KEP-3070: Reserve Service IP Range For Dynamic and Static IP Allocation
KEP-3070: Reserve Service IP Ranges For Dynamic and Static IP Allocation
- Summary
- Motivation
- Proposal
- Design Details
- Production Readiness Review Questionnaire
- Implementation History
- Drawbacks
- Alternatives
Summary
Kubernetes Services are an abstract way to expose an application running on a set of Pods. Services has a ClusterIP that is virtual and allows to load-balance traffic across the different Pods. This ClusterIP can be assigned:
- dynamically, the cluster will pick one within the configured Service IP range.
- statically, the user will set one IP within the configured Service IP range.
Currently, there is no possibility, before creating a Service with a static Cluster IP, to know if the IP has been chosen already by any other Service using dynamic allocation.
The Service IP range can be logically subdivided to avoid the risk of conflict between Services that use static and dynamic IP allocation.
Motivation
There are situation that users need to rely on well-known predefined IP addresses.
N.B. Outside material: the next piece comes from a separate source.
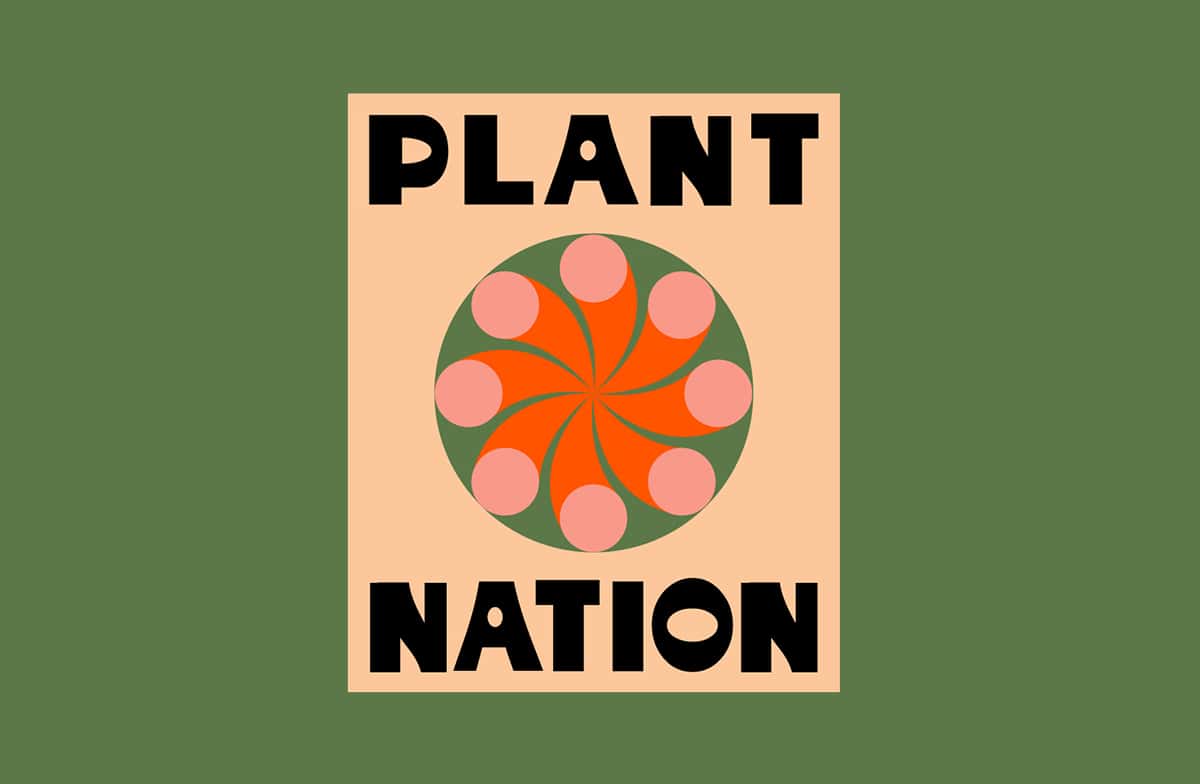 Plant Nation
The best examples are the kubernetes.default and DNS Service addresses. For the former, the first
IP in the Service IP range is used to create this special service during the apiserver bootstrap process.
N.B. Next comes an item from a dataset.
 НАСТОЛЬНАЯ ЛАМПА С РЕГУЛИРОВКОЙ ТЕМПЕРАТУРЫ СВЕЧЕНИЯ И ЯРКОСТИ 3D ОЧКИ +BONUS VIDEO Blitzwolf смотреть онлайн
For the later, the IP is hardcoded in the kubelet flag --cluster-dns. For historical reasons, and by
convention, the Service IP for DNS to use is the 10th IP from the range, however, until the DNS
Service has been created, this IP can be taken by chance by any Service created with a dynamically
allocated IP.
There are also other use cases like the one explained in https://github.com/kubernetes/kubernetes/issues/95570
Goals
- allow to create a Service with a static IPs with less risk of IP conflict.
Non-Goals
- changing the allocators implementation (bitmaps, …).
- add new configuration options or flags.
Proposal
User Stories (Optional)
Story 1
“As a Kubernetes admin I want to be able to assign to my DNS Service the 10th IP of the Service IP range with a low risk of conflicting with another Service that obtains its IP address dynamically”
Story 2
“As a Kubernetes developer I want to allocate safely fixed IPs to some Services so I can automate some configuration parameters of my cluster”
Risks and Mitigations
There is no risk. Every Service should be able to get an IP from the Service IP range as long as there are free IPs.
This KEP only subdivides the Service IP range, and prioritize one range over other for dynamically IP allocation, without adding limitations to the number of IPs assigned.
Design Details
Current Services ClusterIPs allocation model
ClusterIP is the IP address of the service, if an address is specified manually, is in-range, and is not in use, it will be allocated to the service; otherwise creation of the service will fail. The Service ClusterIP range is defined in the apiserver with the following flag:
--service-cluster-ip-range string
A CIDR notation IP range from which to assign service cluster IPs. This must not overlap with any IP ranges assigned to nodes or pods.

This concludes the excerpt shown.